I loved it when she came to our school to collect us. She was a mother to be proud of, so beautiful and young. I’d reach up and take one of those hands, with the beautiful red nails, and hope everyone could tell that she was my Mom. She raised three of us who felt that way. When the youngest of us was called too soon, I witnessed my Mother’s hand touch the Holy Water on the shiny coffin and make the sign of the Cross for her boy. Her nails, perfectly painted, shook visibly as she bade her son farewell with the saddest touch a Mother would ever have to make . . .
Years later, a stroke took the use of her right hand for a while and – as if in defiance of the handicap – she often forgot it was there. She wrote me a letter later that year, using her left hand. I have yet to read a more beautiful note. If I was offered a signed letter from Nelson Mandela or even the Dead Sea Scrolls for the few short words my Mother’s left hand crafted on that card, I wouldn’t trade. It must have taken hours for her to write . . . that she was proud of me.
She never gave up, my Mom. She worked until that right hand was hers again and she could paint her nails once more. She was worn, but never beaten.
It has been some time since she left. I like to think that my brother was there, to take one of those beautiful hands in his own and lead her to a world without pain. In the joy of being together again, he probably didn’t notice that hand he held was blue, covered in bruises from too long a stay in a hospital bed and a heart that was forced to finally give up.
As I watched in such fear and sadness the life that had given me mine slip slowly from her, I looked at those hands.

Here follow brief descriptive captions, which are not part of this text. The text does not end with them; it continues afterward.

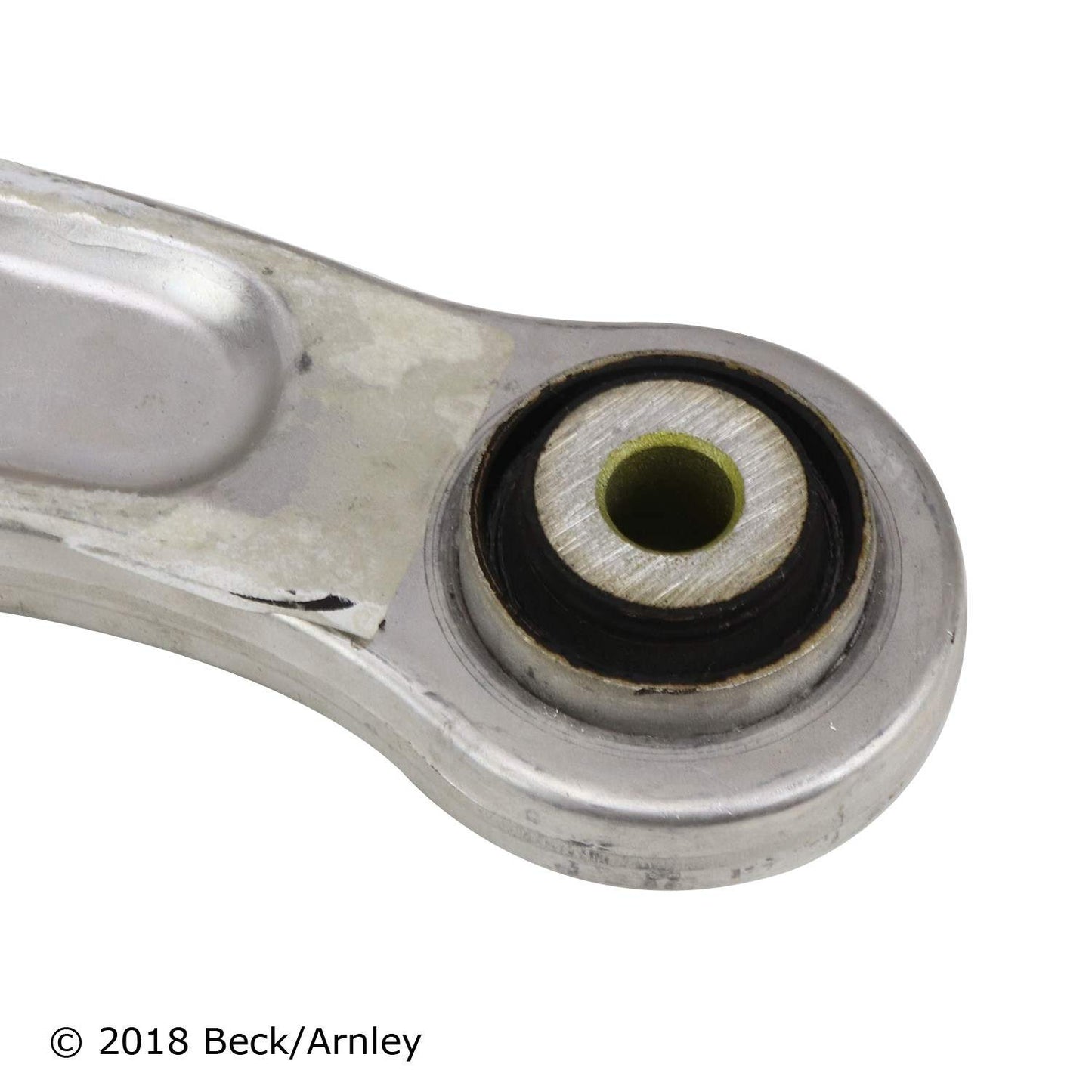 Beck/Arnley Suspension Control Arm 102-6805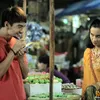 jakarta hati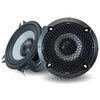 DB Drive DX Series 2.75 Inch 90W 4 Ohm Midrange Speakers | DX-S2.75M (Pair)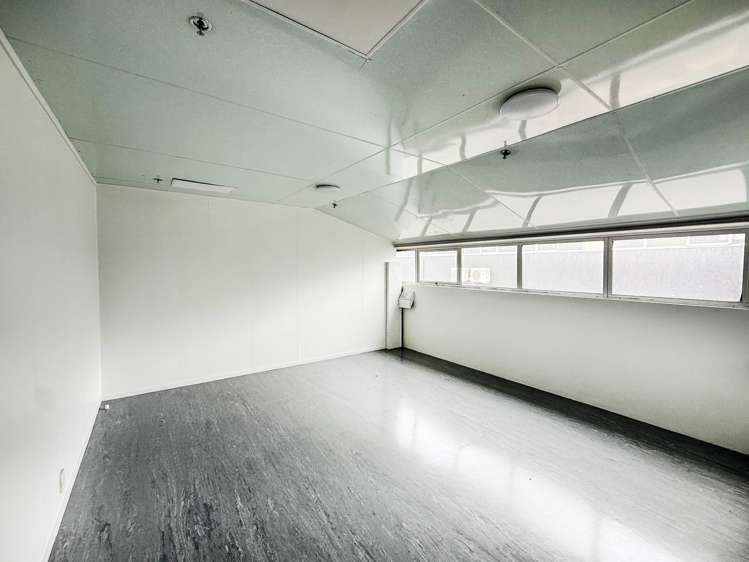 77A Patiki Road Avondale_9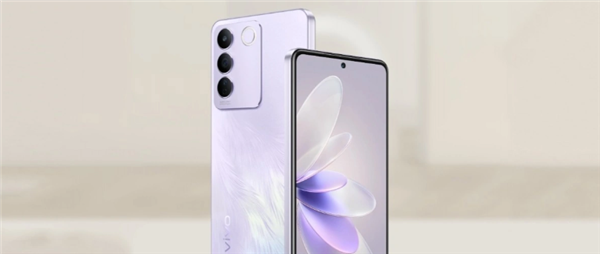 vivo V27/Pro发布:高配天玑8200、索尼IMX766V主摄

The many years of folding them in prayer for her own parents, her siblings, her children and others was etched on the outside of them now, in frail blue skin. I took her hand in mine, the softness of it so sweet against my palm, and tried to ignore the tubes and needles that defaced the beauty. I kissed her forehead and said goodbye, knowing that I couldn’t watch her leaving anymore. I held her hand one last time, then slowly walked away.
This morning, I watched my own hands tying my shoelace. Mine are not elegant, nor do I have the beautiful polished nails she had. I have few of the keyboard skills she had, and I will never change a child’s world by taking her hand in the schoolyard. But folded in my heart, in prayer and in praise, my Mother’s hands – always so quick to comfort and uplift – will live forever.